By Mark K. Shriver
This month was a victory for New Hampshire’s kids when Governor Chris Sununu signed into law Senate Bill 191, a bipartisan bill that provides additional state funding for full-day kindergarten programs.
This legislation is a key step forward in ensuring that more kids in the Granite State will have access to a high-quality kindergarten program and a strong start in life.
The signing was the culmination of years of work by advocates including Save the Children Action Network, our supporters in New Hampshire and coalition partners. We are proud to have worked closely with leaders on both sides of the aisle, from Democratic state Sen. David Watters, who wrote the original bill and has worked tirelessly for children throughout his career, to Gov. Sununu, who helped set a pro-kindergarten agenda back in February, to achieve this result for kids.
Despite SCAN’s endorsement of the governor’s opponent in last year’s election, I was thrilled to meet with him earlier this year and discuss an issue we’re both passionate about – ensuring all kids have an equal opportunity to succeed. It was refreshing to work with a governor who put party aside to make sure New Hampshire’s kids had access to full-day kindergarten.

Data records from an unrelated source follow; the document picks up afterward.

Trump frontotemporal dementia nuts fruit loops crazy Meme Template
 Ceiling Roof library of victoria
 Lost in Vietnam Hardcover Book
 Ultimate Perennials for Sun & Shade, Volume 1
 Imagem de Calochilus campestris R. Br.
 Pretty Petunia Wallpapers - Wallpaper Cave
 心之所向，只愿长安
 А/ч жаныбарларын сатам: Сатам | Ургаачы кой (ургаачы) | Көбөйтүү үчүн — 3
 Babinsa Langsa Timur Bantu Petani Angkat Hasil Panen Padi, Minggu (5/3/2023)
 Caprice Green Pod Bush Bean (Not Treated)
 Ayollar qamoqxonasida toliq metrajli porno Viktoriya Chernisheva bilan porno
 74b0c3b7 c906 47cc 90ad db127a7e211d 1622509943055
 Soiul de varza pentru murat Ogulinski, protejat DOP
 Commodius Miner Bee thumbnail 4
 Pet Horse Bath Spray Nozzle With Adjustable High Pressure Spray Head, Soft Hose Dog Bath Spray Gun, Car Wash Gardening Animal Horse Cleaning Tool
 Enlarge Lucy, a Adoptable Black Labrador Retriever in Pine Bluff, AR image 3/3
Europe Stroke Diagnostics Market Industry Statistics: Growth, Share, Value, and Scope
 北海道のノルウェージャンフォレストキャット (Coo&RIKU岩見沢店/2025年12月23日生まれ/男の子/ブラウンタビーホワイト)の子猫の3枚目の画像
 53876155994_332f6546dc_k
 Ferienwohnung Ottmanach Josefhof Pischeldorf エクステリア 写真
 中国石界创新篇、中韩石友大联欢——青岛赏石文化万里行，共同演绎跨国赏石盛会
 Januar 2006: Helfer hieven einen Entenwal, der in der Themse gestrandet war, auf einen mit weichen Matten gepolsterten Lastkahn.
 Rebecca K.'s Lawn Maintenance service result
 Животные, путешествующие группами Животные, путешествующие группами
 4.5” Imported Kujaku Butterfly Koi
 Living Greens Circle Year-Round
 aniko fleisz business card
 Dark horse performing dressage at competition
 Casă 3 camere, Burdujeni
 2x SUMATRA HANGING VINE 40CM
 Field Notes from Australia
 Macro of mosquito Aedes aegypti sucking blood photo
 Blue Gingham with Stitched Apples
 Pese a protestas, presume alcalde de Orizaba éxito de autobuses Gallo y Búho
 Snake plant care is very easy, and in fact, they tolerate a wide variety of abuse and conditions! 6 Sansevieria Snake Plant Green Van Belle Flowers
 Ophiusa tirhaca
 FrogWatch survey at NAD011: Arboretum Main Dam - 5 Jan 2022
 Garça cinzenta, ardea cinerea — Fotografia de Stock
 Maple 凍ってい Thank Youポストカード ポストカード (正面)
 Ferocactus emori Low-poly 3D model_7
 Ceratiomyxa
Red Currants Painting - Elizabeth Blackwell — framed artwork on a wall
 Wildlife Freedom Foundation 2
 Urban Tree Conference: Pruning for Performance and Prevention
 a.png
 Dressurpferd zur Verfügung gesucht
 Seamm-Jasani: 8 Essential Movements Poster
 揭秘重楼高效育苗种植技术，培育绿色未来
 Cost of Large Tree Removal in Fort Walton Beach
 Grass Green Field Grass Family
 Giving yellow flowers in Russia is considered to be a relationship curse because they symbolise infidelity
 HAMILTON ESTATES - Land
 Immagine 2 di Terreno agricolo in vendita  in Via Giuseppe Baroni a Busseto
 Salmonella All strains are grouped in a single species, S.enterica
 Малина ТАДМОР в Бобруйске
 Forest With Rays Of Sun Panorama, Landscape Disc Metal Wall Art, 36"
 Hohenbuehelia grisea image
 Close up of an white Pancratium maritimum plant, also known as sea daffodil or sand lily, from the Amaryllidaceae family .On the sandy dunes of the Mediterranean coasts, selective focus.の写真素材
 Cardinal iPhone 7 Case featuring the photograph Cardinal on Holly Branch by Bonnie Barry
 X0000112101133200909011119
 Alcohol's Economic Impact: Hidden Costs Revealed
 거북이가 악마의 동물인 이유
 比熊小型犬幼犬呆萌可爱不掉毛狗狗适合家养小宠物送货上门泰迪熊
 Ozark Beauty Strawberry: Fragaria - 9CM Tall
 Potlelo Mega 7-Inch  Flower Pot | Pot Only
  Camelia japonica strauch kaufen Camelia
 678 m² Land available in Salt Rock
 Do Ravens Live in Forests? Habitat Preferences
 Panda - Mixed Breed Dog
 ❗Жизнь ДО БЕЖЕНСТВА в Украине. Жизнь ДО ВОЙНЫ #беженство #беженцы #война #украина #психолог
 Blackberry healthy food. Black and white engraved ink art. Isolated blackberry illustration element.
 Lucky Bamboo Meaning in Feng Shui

This is also an issue supported at the local level. In March of this year, Nashua’s Board of Education approved a budget that includes funding for full-day kindergarten programs at all of the city’s schools. Currently, full-day kindergarten is offered at six of the city’s 12 elementary schools.
Extensive studies have shown the positive effects of investing in early childhood education. By age 5, a child’s brain is nearly completely developed, yet until now, the State of New Hampshire paid only 50 percent of the cost to adequately educate that kindergarten student.
While SB-191 is not a mandate and does not force any family to send their kids to a full-day program, it provides an opportunity for students to receive more time with teachers in a quality learning environment, which can result in greater learning gains.
Further, studies show that students who attend full-day kindergarten enter first grade better prepared to learn, are more likely to graduate high school and are less likely to engage in crime – saving the state money in the long run. The type of environment and the quality of interaction to which children are exposed in the first five years of life greatly influence the outcomes of their adult lives.
Full-day kindergarten is also a smart business decision. Full-day kindergarten will help attract and retain young families to New Hampshire. In fact, a recent report from Nobel Prize-winning economist James Heckman shows the rate of return on investments in early childhood development for many children can be 13 percent per child, per year due to improved outcomes in education, health, sociability, economic productivity and reduced crime. That’s why the New Hampshire Business and Industry Association also supported this change.
There is much more work to do, but I am encouraged by the passage of SB-191 – a first step in creating a better future for New Hampshire’s kids. SCAN will continue to push for full adequacy funding for kindergarten, and increased access to high-quality early education in New Hampshire and across the country.
Mark K. Shriver is president of Save the Children Action Network.